Assistant Commissioner of Police (ACP) Leamond Deleveaux, who was deployed to the Ministry of Education earlier this month, will provide security advice to the ministry, according to Minister of Education Jeffrey Lloyd.
Lloyd clarified Deleveaux’s new role amid confusion over the transition.
When The Nassau Guardian spoke to ACP Deleveaux yesterday, he said he was still unsure what the
parameters of his new appointment would be.
However, he said that he will meet with Lloyd soon to iron out those issues.
In a letter signed by Commissioner of Police Anthony Ferguson, dated February 7, Deleveaux was directed to report to the minister of education for at least one year.
“Once I meet with him, I will know how to move forward,” Deleveaux said.
“I spoke to him and he was very decent to me, very decent.”
Deleveaux’s deployment was to take effect on February 13. However, Deleveaux said he only received the letter on the 13th.
Lloyd told reporters that he hopes to meet with Deleveaux on Tuesday.
“When we do meet, I will find out exactly what the terms of engagement will be,” Lloyd told reporters.
“It is my understanding that the officer is to report to this ministry as a consultant, which means that he will provide advice as to the security requirements of the ministry, bearing in mind that the ministry has 172 schools across the archipelago, in addition, 70 or so buildings. That includes, obviously, this building, the Ministry of Education headquarters, as well as teacher cottages.

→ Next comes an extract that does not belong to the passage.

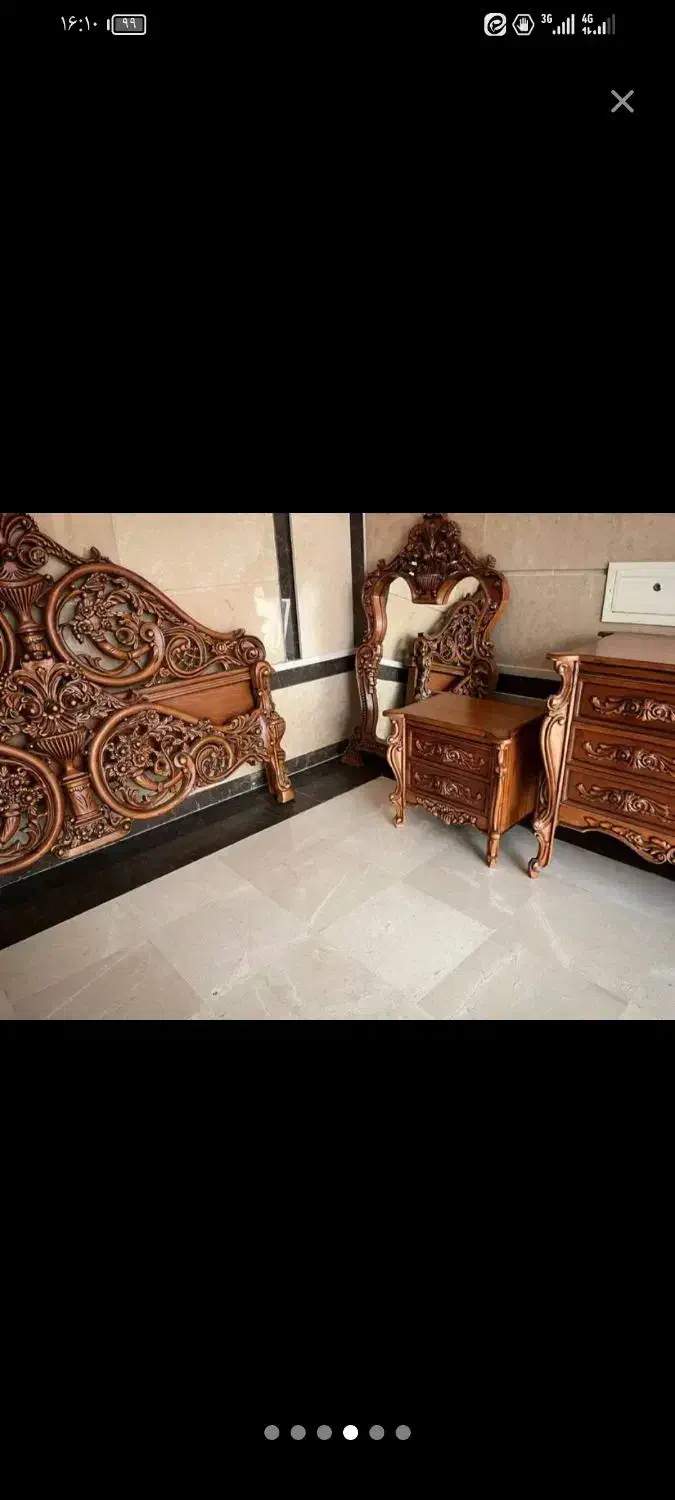 سرویس خواب|تخت و سرویس خواب|دورود, |دیوار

“It’s a wide spectrum of responsibility from a security standpoint. We, obviously, welcome the help, especially with the experience the officer provides.”

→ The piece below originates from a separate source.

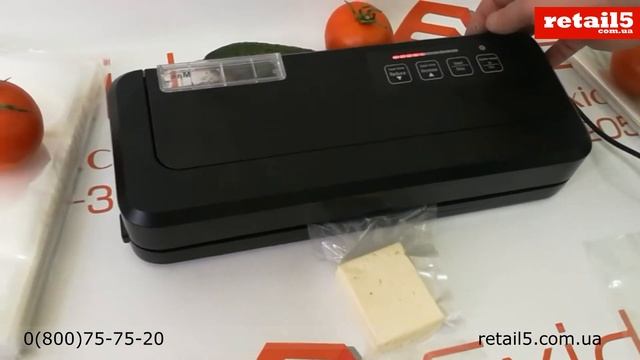 Вакуумний пакувальник Exida DZ 290A смотреть онлайн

However, he said the day-to-day operation will remain with Christopher Smith, who is the head of security.
Addressing issues related to campus safety, Lloyd insisted that all of them are safe.
“Our challenge is not those students who come to school or who are participants in the school’s operations, these people come from outside and they usually come with intentions of settling scores or something of this nature,” he continued.

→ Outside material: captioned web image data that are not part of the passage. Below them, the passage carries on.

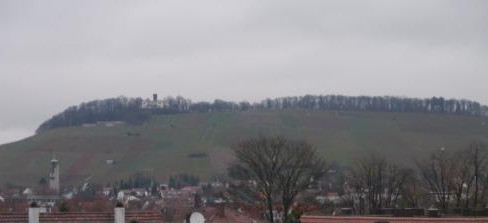 Central 3-room apartment in Heilbronn.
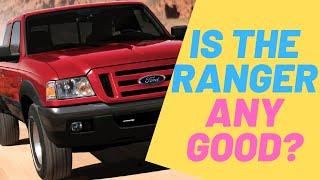 1998-2011 Ford Ranger Buyer's Guide (Common Problems, Options, Specs)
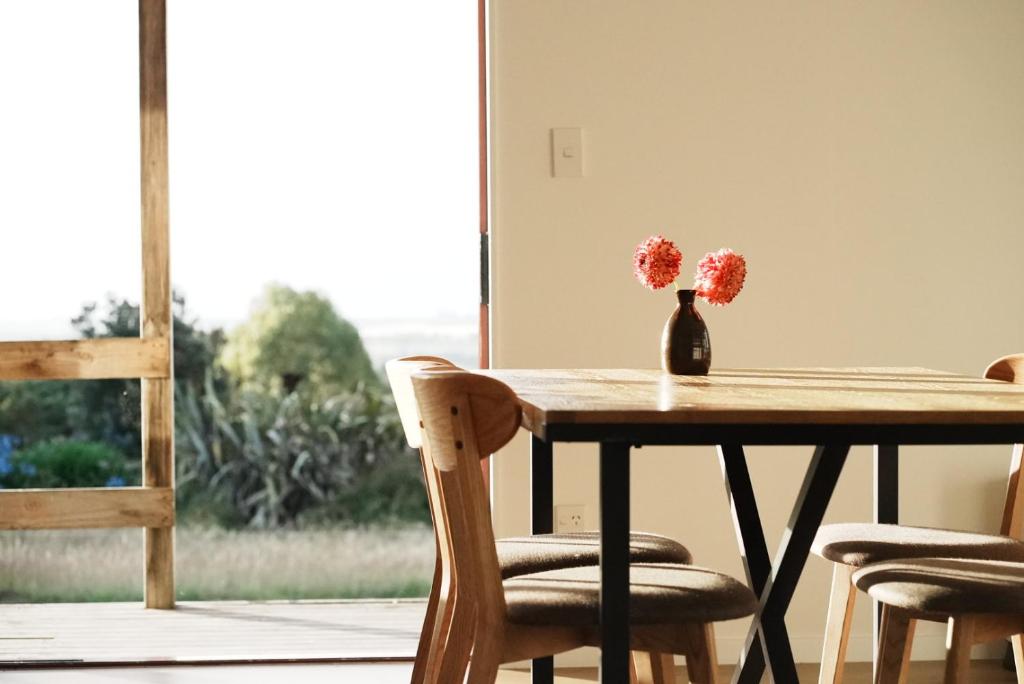 A cabin with a big view, comfort and tranquility, close to vines - Resim 1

“I’m happy that the police made it their business to provide patrols and other oversight mechanisms for many of our school campuses, especially those in areas that we consider to be vulnerable.”
Last March, Deputy Commissioner Emrick Seymour, Senior ACP Stephen Dean, ACP Clarence Reckley, ACP Ashton Greenslade, ACP Theophilus Cunningham, ACP Ken Strachan, ACP Clayton Fernander and Deleveaux were asked to take their many weeks of accumulated vacation.
Strachan was the first senior officer reassigned upon his return to work in December, when he was appointed chief of security for the Willie Mae Pratt and Simpson Penn juvenile schools; and Fernander was the second.
Strachan has since taken legal action; and attorney Wayne Munroe, who represents Strachan, has suggested that Fernander might also take legal action.